This article goes over the fundamental principles of Machine Learning and what tools are currently used to run machine learning algorithms. We will then see how a resource manager such as YARN can be useful in this context and how it can help the algorithms to run smoothly. This article stems from a conference at the 2018 DataWork Summit in Berlin, by Wangda Tan and Sunil Govindan.
Let’s take an example: we want to build a software that can say whether or not a given image is the picture of a cat:
NOT A CAT
Starting from scratch, we begin by searching for a great amount of labeled images, ImageNet can provide us with all the data that we need.
We can’t just have raw images of cat and non-cat subjects, we must have meta.
data saying precisely if this image is a cat or not because we will be doing supervised training, we have to know the expected output of our model in order to train it.
Speaking of model, now is a good time to create one. our model will have an input, which is the image, an output, a number between 0 and 1 saying if this image is a cat or not (for example 0 means “not a cat” and 1 means “is a cat”). We won’t go over the technical details of such a model here but further reading is available with this article on Image Classification.
We are ready to begin the implementation and the training of our model, but before that we have to choose a framework: it can be one of Tensorflow, Caffe or MxNet for example. There’s a lot of them available, the choice will depend on the use case and the framework you’re comfortable with.
The model is now training and should be ready in a few hours thanks to the speed of GPUs. Indeed, you may have heard that machine learning models are trained on graphic cards, that is correct, but why? Basically, GPUs are used because there is a massive amount of operations to do, but these operations are simple and can be made simultaneously. GPUs have proven to be very efficient in that case.
Finally, we have a fresh model that we can put to the test with a portion of our data that wasn’t used for training (the test set), and if the model shows interesting results, it may be considered ready to be used in production.
As we saw, a simple machine learning model demanded a lot of resources, mainly:
Storage capacity: the amount of data required to properly train a model can be astonishing, but the larger the dataset the better model we will have.
GPU: the graphic unit is a strong constraint to have model training that completes in a decent amount of time. When the model is required to respond in real time or in critical areas such as autonomous driving, the GPU constraint is very strong if we don’t want to experience latency.
What we have seen so far is only a small part of what happens when we train a model while aiming to be production ready.
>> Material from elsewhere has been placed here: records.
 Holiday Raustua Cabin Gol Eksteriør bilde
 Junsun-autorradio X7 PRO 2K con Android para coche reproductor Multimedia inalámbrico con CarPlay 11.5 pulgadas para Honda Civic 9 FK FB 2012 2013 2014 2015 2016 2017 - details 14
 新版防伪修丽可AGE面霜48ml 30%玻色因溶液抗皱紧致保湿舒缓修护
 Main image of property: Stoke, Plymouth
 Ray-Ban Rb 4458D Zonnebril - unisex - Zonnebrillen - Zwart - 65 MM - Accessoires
The writing of the model is a small part of the work, especially when considering the rapid pace at which scientific research is going. The findings and achievements of the research can be found on the well known Arxiv website. The writing of the models is a lot easier when you have solid research papers and examples to base your work on.
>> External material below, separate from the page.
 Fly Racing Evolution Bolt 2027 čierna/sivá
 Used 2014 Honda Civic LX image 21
In practice, the time-consuming task is all that comes around the model in itself. In our previous example, it would have been to check the validity of the labeled images, to set up our infrastructure, our model registry, our monitoring tools etc…
Basically what YARN does is allocating resources to applications requesting them, it ensures that specific applications always have sufficient resources and can deny access to resources in case of a shortage. Such resources are storage space (SATA, SSD), CPUs, RAM, and, available from version 3.1 and above, GPUs.
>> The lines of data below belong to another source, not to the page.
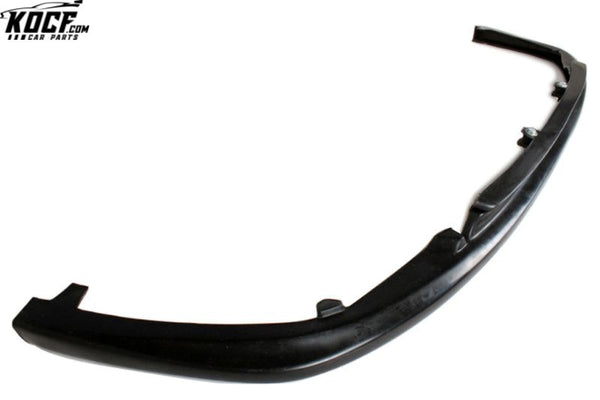 Black PU Car Front Lip for Subaru Impreza WRX STI 2004-2007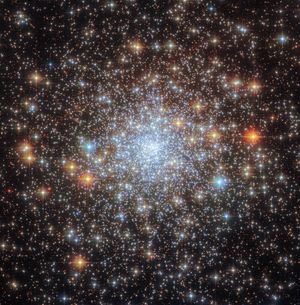 Image post by @nasa on Instagram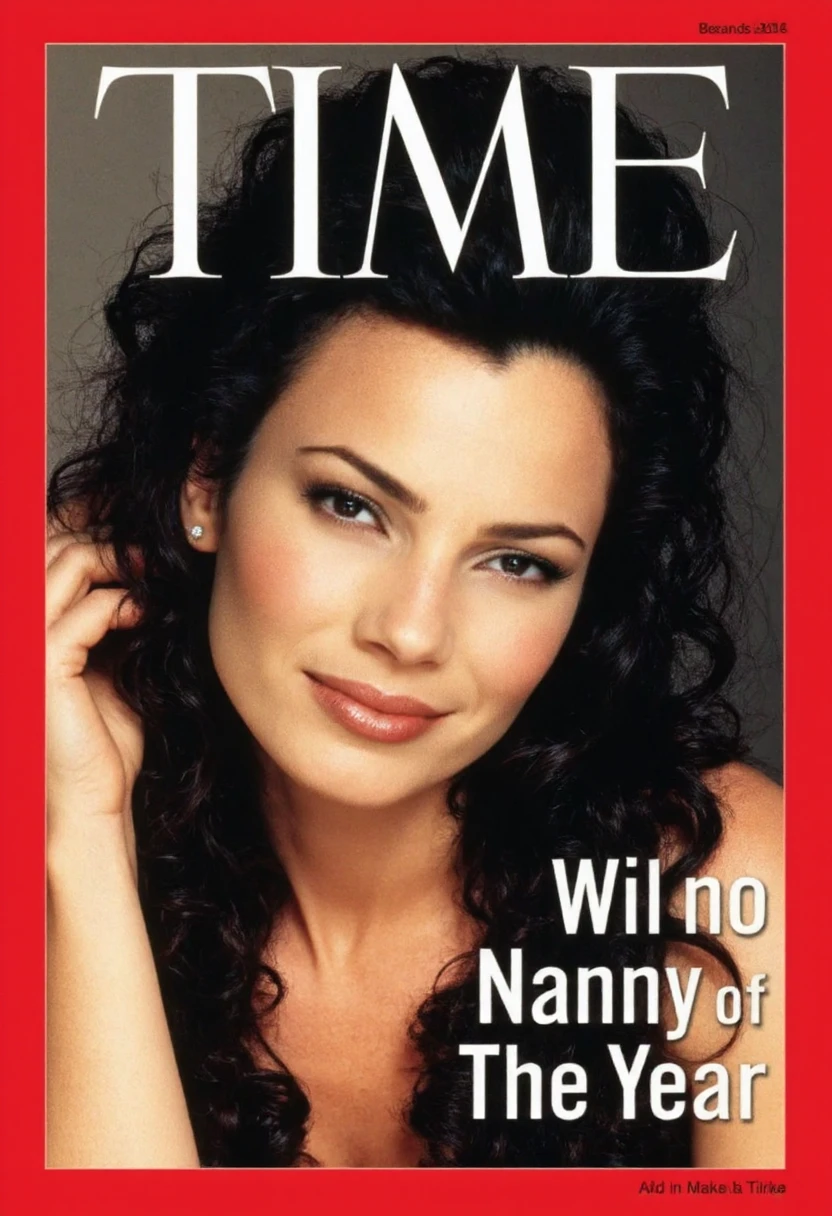 Fran Drescher v1.0
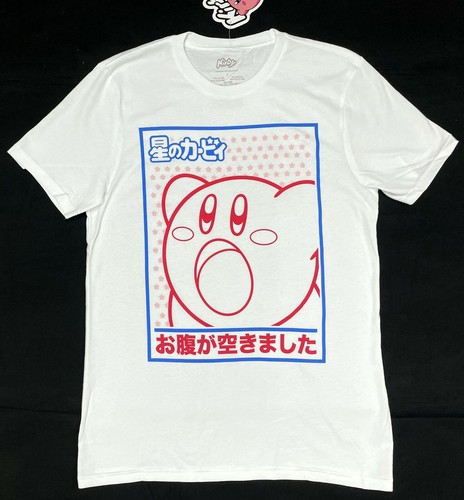 Shirt nintendo kirby - t-shirt,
YARN provides a way to reserve a resource, you can make a planning for a reservation just like you would for an airplane ticket. It can also provide monitoring data visualisable through tools like Grafana. You can control user’s access to a specific resource, define quotas, isolate each resource and isolate users from each other when using managed resources.
This is very interesting on its own but why is it helpful in a machine learning context?
It is not uncommon for a model training process to exceed the maximum available GPU memory (OutOfMemory errors). In some specific use cases, the required amount of memory can be extremely large.
This can be a serious problem if you do not have your training session isolated from the rest of your infrastructure. Let’s consider an example without a resource manager: if we have a model running in production mode and we start a poorly configured training session that ends up requesting all the available GPU memory, at least one of the two applications will crash because of the memory shortage.
YARN is even more helpful when we consider distribution issues. Indeed, it is rare nowadays to train a model on a single GPU, we train the most resource consuming models on clusters of several GPUs. The majority of frameworks now have a functionality to run a model (usage and training) on multiple machines at the same time, which means these machines have to be available at the same time, the idea of a resource manager and scheduler appears naturally.
It is worth noting that YARN now supports the use of Docker containers, which solves the graphic driver dependency nightmare and adds a layer of abstraction and isolation as well as multiple other tools.
YARN can be of great use in a machine learning environment. Its capabilities in terms of scheduler and resource management are precious when applied to something as volatile as GPUs.